Before you start, check out this Czech and Slovak pronunciation guide.

From the top: saying hello, goodbye and thank you

Dobré ráno   Good morning (before 9am)
Dobrý den   Good day 
Dobrý večer   Good evening (after 6pm)

Děkuji (vám)   Thank you
Děkuji mockrát   Many thanks
Děkuji vám pěkně   Thank you kindly (lit. ‘nicely’)
Na shledanou   Goodbye

Making requests

Now you’ve said hello, how do you actually order something? A common way to ask for something in Czech and other Slavic languages is to say “I will give myself…” We would never phrase it that way in English, which serves to show how direct translation between languages is many times not possible.

Dám si jednou kávu prosím   I will have a coffee please (lit. ‘I will give myself a coffee please).

The above example is very common and is constructed from the verb dát – to give.

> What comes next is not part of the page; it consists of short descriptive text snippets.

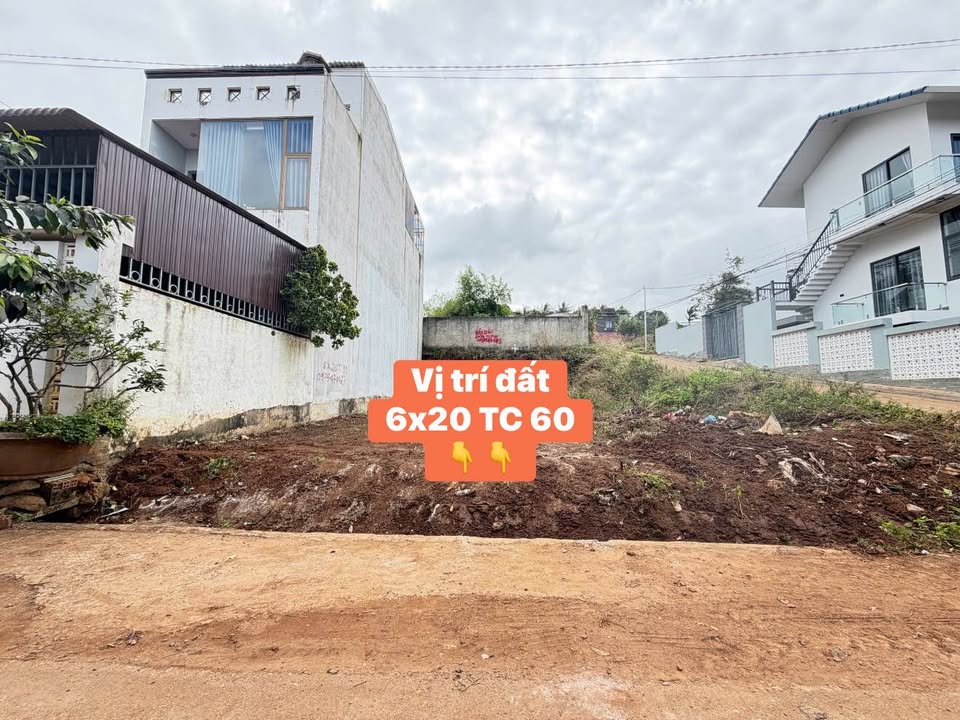 Lô đất mặt tiền Y Moan Buôn Ma Thuột 120m² giá 2.79 tỷ - Vị trí đắc địa, an ninh tốt!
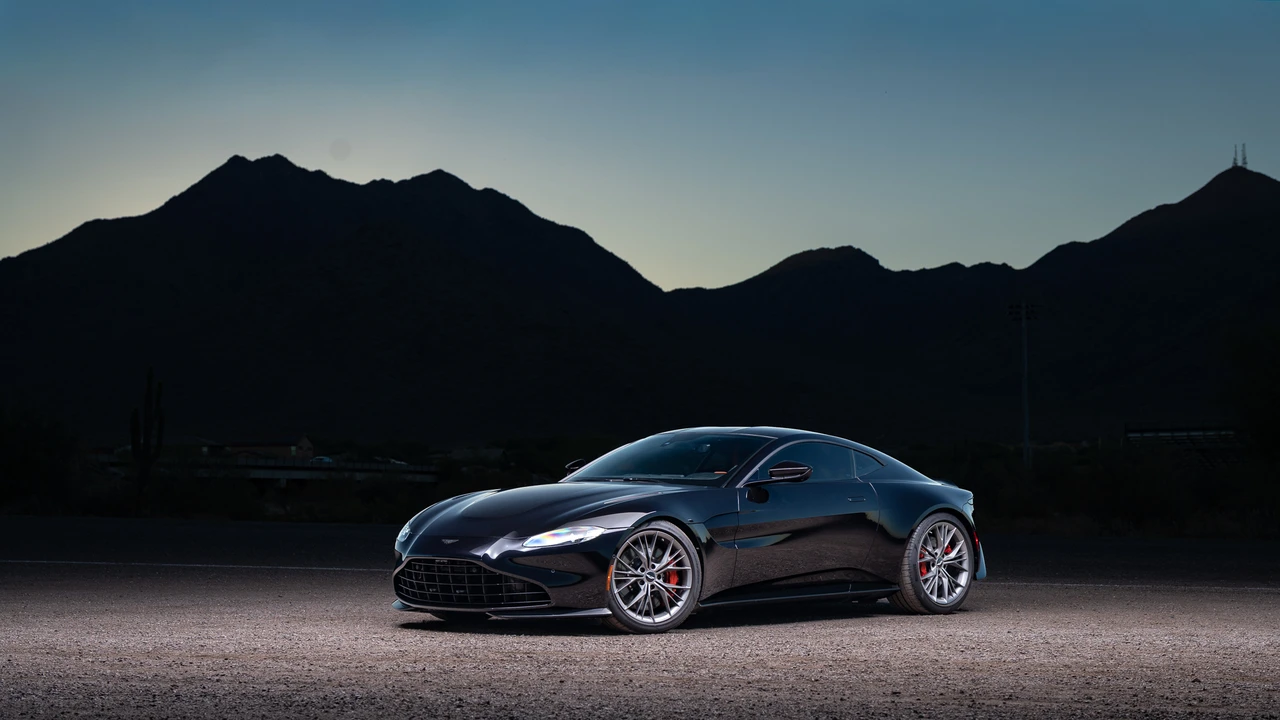 2021 Aston Martin V8 Vantage (2019+) - Image 4 of 31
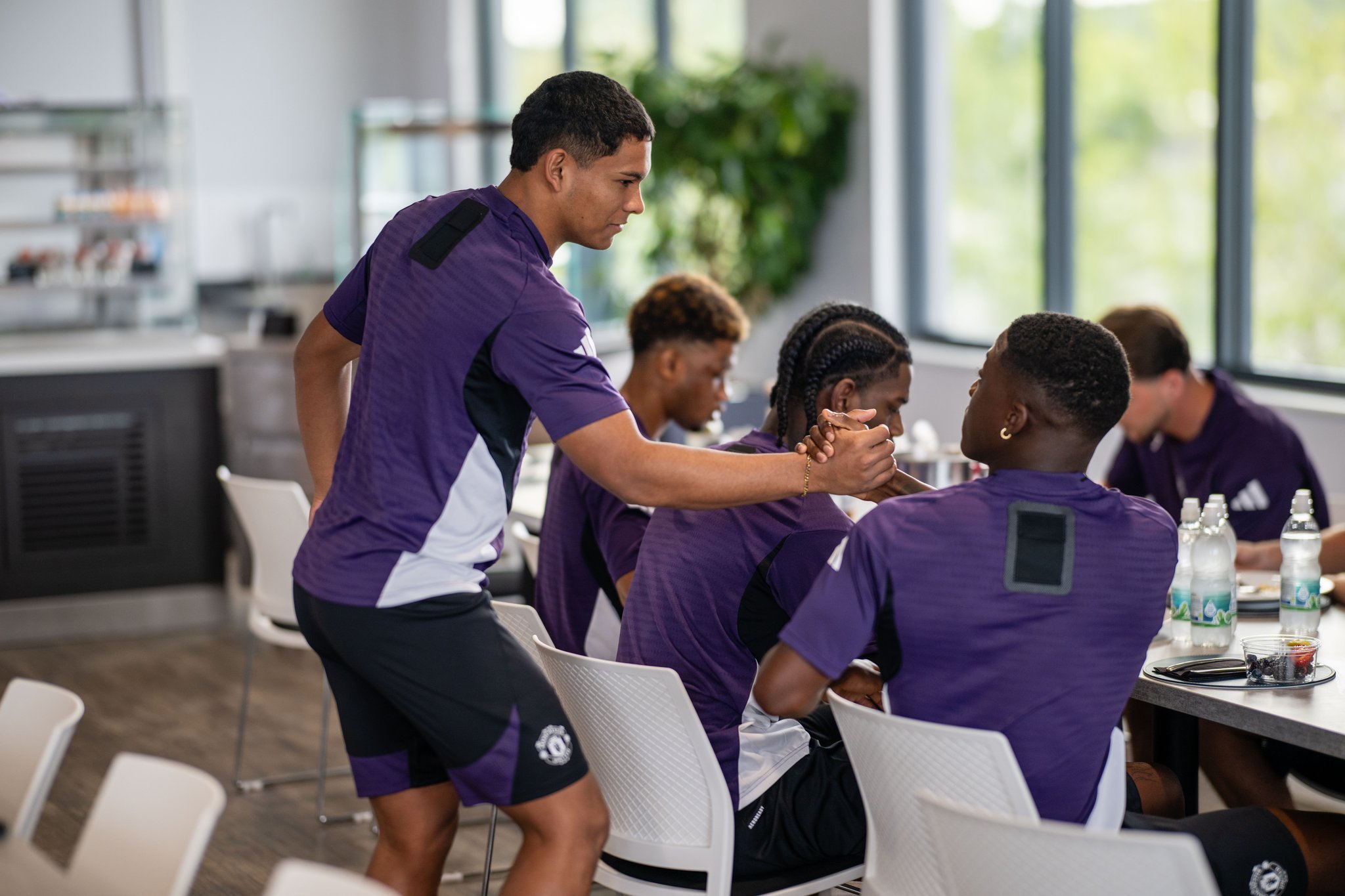 美高梅官方网站-曼城发布备战花絮，今晚主帅复盘，全明星赛任务艰巨，赛季目标并未改变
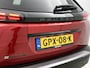 Peugeot e-2008 EV GT 50 kWh 136pk Automaat | Schuif-/Kanteldak | Pack Vision | Navigatie | Climate Control | 18"LMV | LED | Apple Carplay/Android Auto |
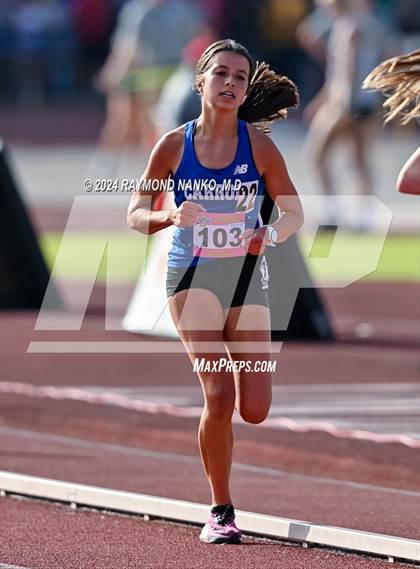 Thumbnail 2 in IHSAA Finals (1600 Meter)  photogallery.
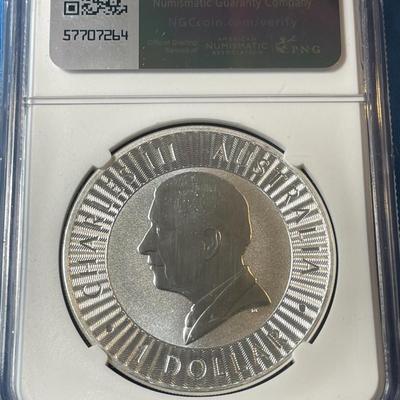 NGC CERTIFIED AUSTRALIA 2024 MS69 GRADED KANGEROO 1-OUNCE .999 SILVER ROUND AS PICTURED. (COIN #128).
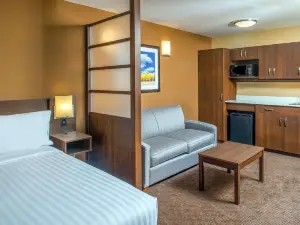 Microtel Inn & Suites by Wyndham Red Deer
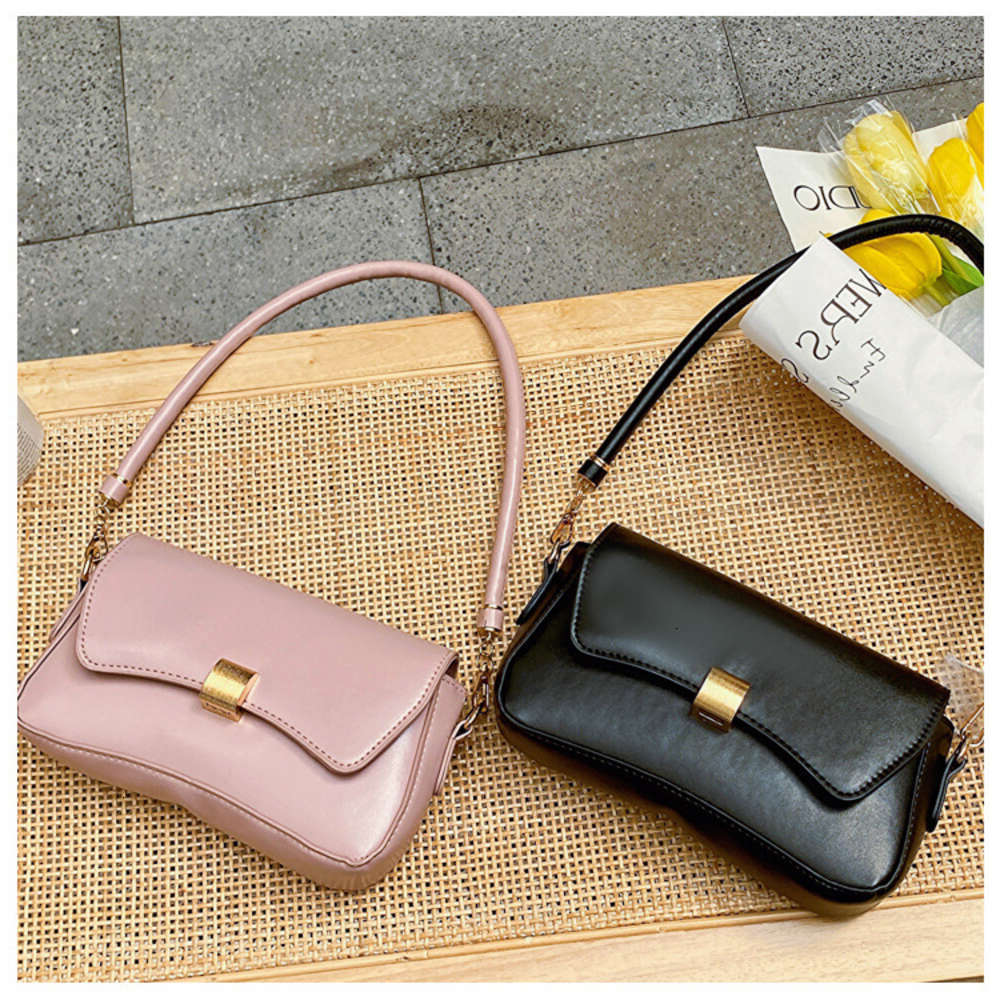 2025 Designer Women 3 2024s New LeisureCrossbody Bag Shoulder bag Fresh Fashion Stylish Versatile Classic design Natural Minimalist style Free shippin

Alternatively, you could use the verb vzít si – meaning “to take”:
Vezmu si jedno pivo prosím   I will take a beer please

Using the imperative form, you could say:
Dejte mi…   Give me…

Dejte mi jedno pivo prosím   Give me a beer please

This form can sound very direct so use please (prosím) either at the beginning or end of the sentence.

Plurals

Plurals can get quite complicated in grammar terms, but for the most part they just require slight modifications to the noun. For example:

Dám si dvě kávy a tři piva prosím   I will have two coffees and three beers please

For plurals of 2-4 items the nouns decline (change ending) in a predictable way depending on gender. There are some different noun endings in each of the genders but here are the main ones

Feminine: káva => kávy   coffee, coffees
Neuter: pivo => piva   beer, beers
Masculine: salát => saláty   salad, salads
čaj => čaji   tea, teas (masculine noun with soft ending)

Plurals can get a bit daunting for a beginner and for the most part the ones above will fit a number of common menu items. At 5 items and beyond you encounter the Genitive case and the noun endings are completely different. However, there’s no need to worry about this in the beginning stages.

If you know the nominative noun form then you’ll be able to ask for what you want and refine later as you learn more grammar and the modifications needed.

More complex constructions

If you feel like going a bit further and want to be a bit more expressive, try using different forms, such as the conditional.

In English we’re just as like to say “I would like” as much as “I want”. In Czech the conditional is made in a similar way — using the past tense of the verb with some conditional language:

Já bych si dal   I would like (note the past tense of the verb dát)
Chtěl bych ten zákusek   I would like that cake (from the verb chtít – to want)
Rád bych   I would like (using the rád – to like)
Raději bych   I would rather

There is a wrinkle here, and this is where Slavic languages can seem overly complicated. For female speakers you’ll need to add an ‘a’ on the end of the past tense stem.

Já bych si dala; Chtěla bych; Ráda bych

Sometimes you need to know if the place you’re at has something. For this situation use the verb mít – to have in this case:

Máte zmrzliny?   Do you have ice creams?
Máte nějaké zákusky?   Do you have any cakes?

To ask for “what kinds of” you could say:

Jaké máte vino?   What sort of wine do you have?

With or without?

Asking for something with something else we use the instrumental case (don’t panic — it’s a simple noun ending change that is predictable and common). Use the preposition “s” like the s in silence.

Vezmu si jeden čaj s citronem   I will take a tea with lemon (citron – lemon)
Dám si jednou kávu s mlékem   I will have a coffee with milk (mléko – milk)

Instrumental endings
The prefix -em is for masculine nouns (usually these end in consonant) and neuter nouns (usually ending in o).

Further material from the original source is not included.